__REQUIRED WORK__
The stretch wanted below opens at the line containing "Mini Convertible COOPER S EXCLUSIVE 42" and closes at the line containing "冰箱、微波炉、烤箱、炉灶". Please return it exactly, with no other lines.

Brief descriptive captions
══════════

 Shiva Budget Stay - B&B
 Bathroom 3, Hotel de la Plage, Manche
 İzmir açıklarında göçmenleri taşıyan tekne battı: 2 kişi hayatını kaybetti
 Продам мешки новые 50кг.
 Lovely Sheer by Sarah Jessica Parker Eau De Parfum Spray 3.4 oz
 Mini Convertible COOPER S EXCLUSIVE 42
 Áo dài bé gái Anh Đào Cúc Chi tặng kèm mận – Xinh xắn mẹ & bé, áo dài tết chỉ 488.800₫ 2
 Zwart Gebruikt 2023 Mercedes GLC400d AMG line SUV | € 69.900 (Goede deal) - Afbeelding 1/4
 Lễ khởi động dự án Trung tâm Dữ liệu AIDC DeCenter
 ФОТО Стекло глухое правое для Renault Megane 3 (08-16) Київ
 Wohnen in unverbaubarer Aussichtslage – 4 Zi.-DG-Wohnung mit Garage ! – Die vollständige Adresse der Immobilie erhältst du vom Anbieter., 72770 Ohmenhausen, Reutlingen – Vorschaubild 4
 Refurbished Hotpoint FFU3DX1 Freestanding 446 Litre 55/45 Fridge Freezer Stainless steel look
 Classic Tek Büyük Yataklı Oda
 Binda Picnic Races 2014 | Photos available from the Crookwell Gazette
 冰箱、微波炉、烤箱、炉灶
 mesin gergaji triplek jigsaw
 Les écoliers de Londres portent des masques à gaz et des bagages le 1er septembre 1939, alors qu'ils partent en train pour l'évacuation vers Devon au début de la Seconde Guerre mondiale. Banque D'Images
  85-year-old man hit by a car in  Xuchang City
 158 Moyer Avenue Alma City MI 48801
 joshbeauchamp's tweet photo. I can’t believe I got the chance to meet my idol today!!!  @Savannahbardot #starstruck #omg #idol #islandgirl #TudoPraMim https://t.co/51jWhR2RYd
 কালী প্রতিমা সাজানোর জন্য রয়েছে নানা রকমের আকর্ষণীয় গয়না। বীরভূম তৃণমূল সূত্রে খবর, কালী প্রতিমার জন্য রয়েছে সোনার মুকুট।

══════════

__OUTPUT BELOW__
 Mini Convertible COOPER S EXCLUSIVE 42
 Áo dài bé gái Anh Đào Cúc Chi tặng kèm mận – Xinh xắn mẹ & bé, áo dài tết chỉ 488.800₫ 2
 Zwart Gebruikt 2023 Mercedes GLC400d AMG line SUV | € 69.900 (Goede deal) - Afbeelding 1/4
 Lễ khởi động dự án Trung tâm Dữ liệu AIDC DeCenter
 ФОТО Стекло глухое правое для Renault Megane 3 (08-16) Київ
 Wohnen in unverbaubarer Aussichtslage – 4 Zi.-DG-Wohnung mit Garage ! – Die vollständige Adresse der Immobilie erhältst du vom Anbieter., 72770 Ohmenhausen, Reutlingen – Vorschaubild 4
 Refurbished Hotpoint FFU3DX1 Freestanding 446 Litre 55/45 Fridge Freezer Stainless steel look
 Classic Tek Büyük Yataklı Oda
 Binda Picnic Races 2014 | Photos available from the Crookwell Gazette
 冰箱、微波炉、烤箱、炉灶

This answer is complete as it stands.